*** Opening Material to process ***
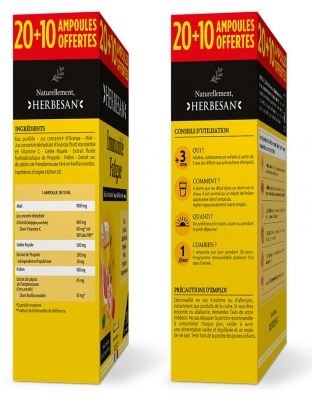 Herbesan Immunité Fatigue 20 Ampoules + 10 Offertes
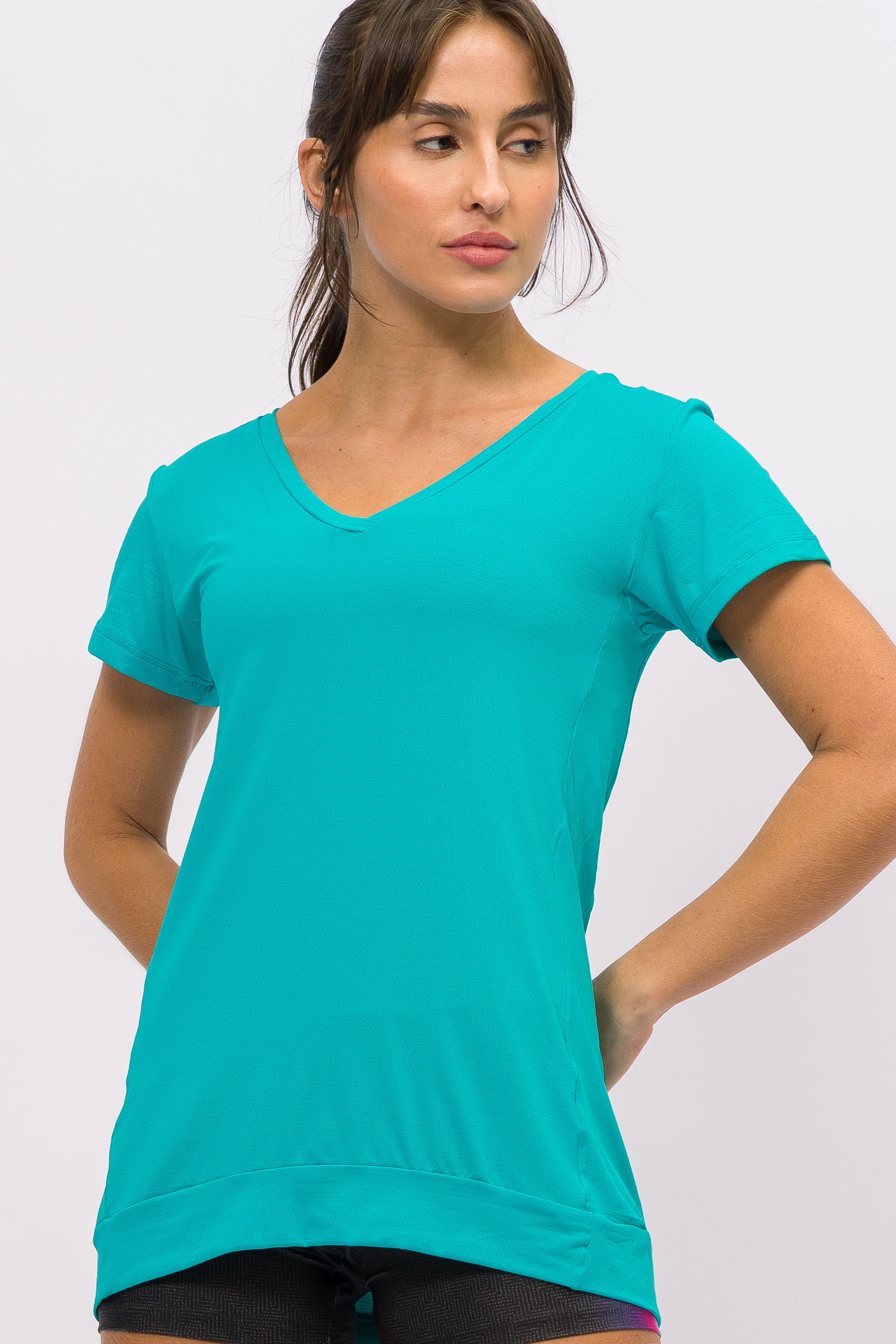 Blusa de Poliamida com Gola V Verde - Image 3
*** Closing Material to process ***
*** Opening Material to process ***
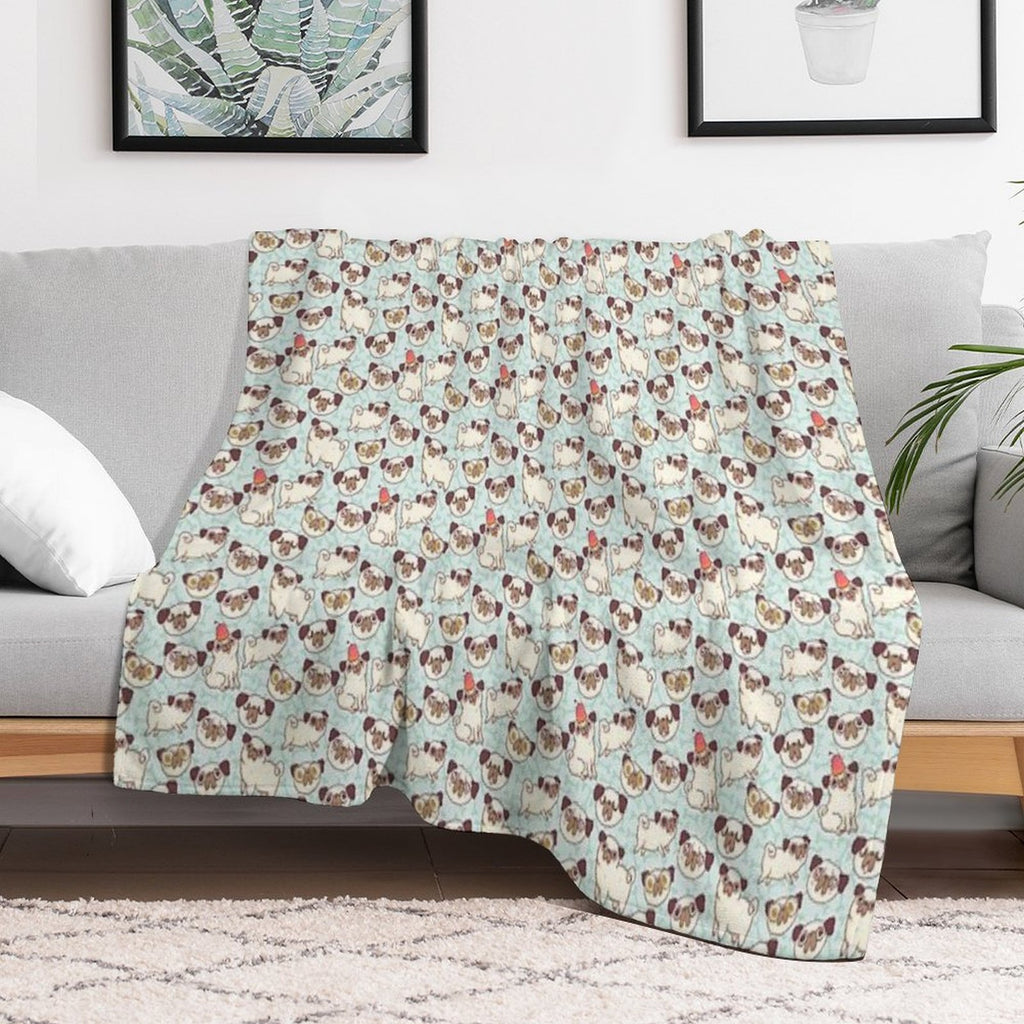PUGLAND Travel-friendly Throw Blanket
*** Closing Material to process ***
*** Opening Material to process ***
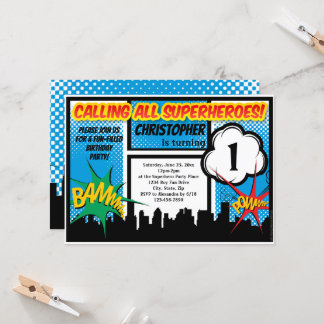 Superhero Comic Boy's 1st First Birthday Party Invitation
*** Closing Material to process ***
- [Exercise directions] The lines to reproduce run from the one above containing "Herbesan Immunité Fatigue" through the one containing "Blusa de Poliamida". Copy them exactly and leave out all pictures.

- [Exercise answer]
 Herbesan Immunité Fatigue 20 Ampoules + 10 Offertes
 Blusa de Poliamida com Gola V Verde - Image 3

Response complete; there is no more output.